__AVAILABLE DATA__

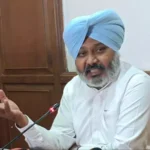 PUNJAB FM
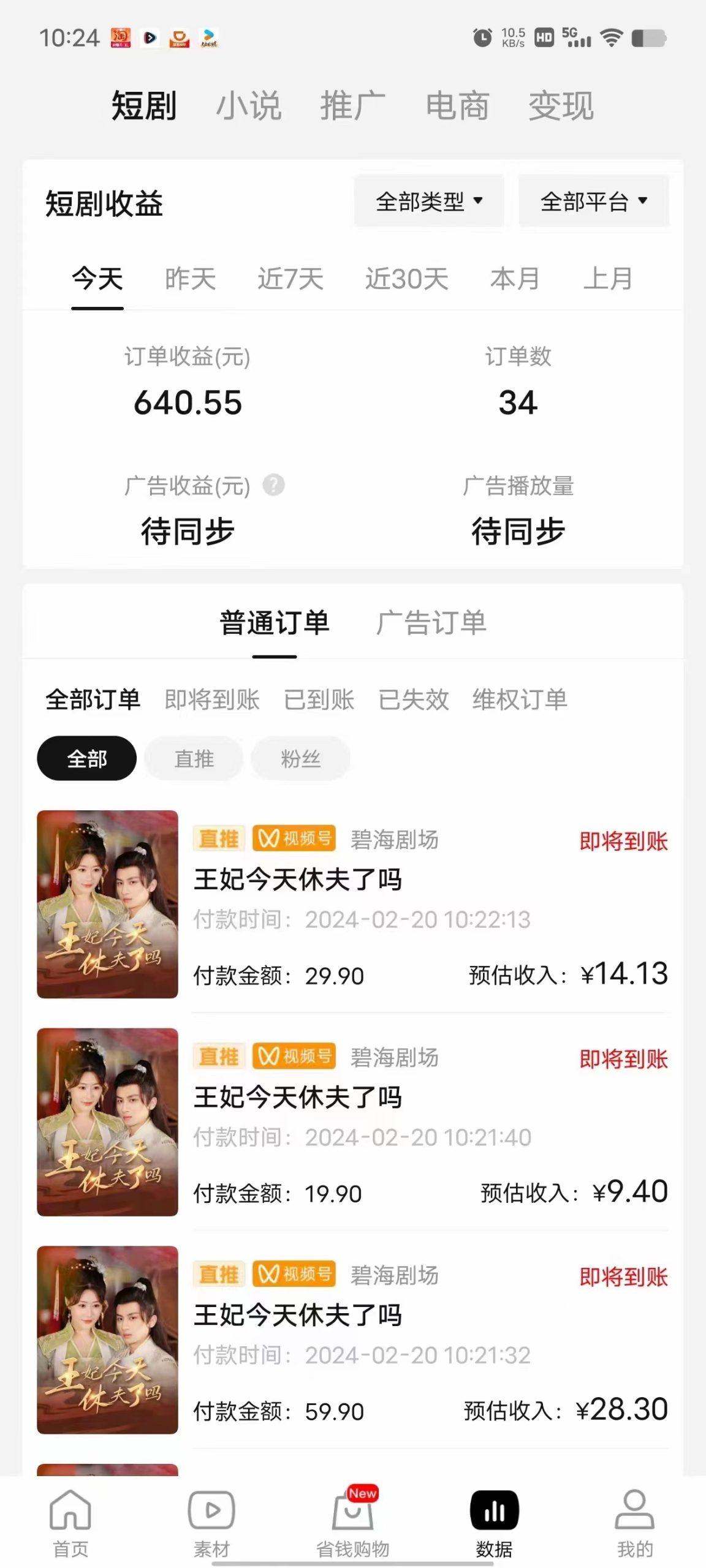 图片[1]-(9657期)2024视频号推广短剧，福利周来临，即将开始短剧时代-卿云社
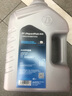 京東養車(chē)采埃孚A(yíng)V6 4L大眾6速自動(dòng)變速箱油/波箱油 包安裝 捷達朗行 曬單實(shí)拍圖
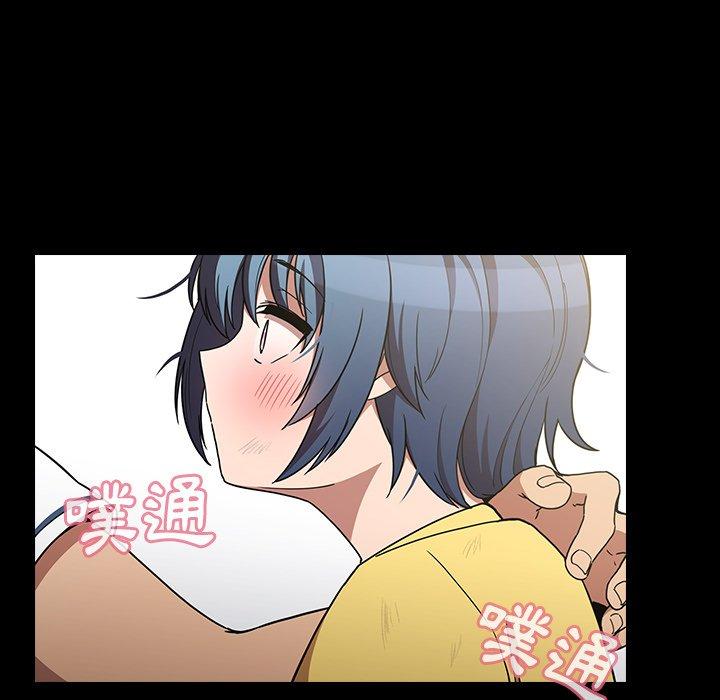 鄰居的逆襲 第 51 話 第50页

__EXERCISE__
Should there be pictures in the data, leave them out and return the rest exactly.

__ANSWER BELOW__
 PUNJAB FM
 图片[1]-(9657期)2024视频号推广短剧，福利周来临，即将开始短剧时代-卿云社
 京東養車(chē)采埃孚A(yíng)V6 4L大眾6速自動(dòng)變速箱油/波箱油 包安裝 捷達朗行 曬單實(shí)拍圖
 鄰居的逆襲 第 51 話 第50页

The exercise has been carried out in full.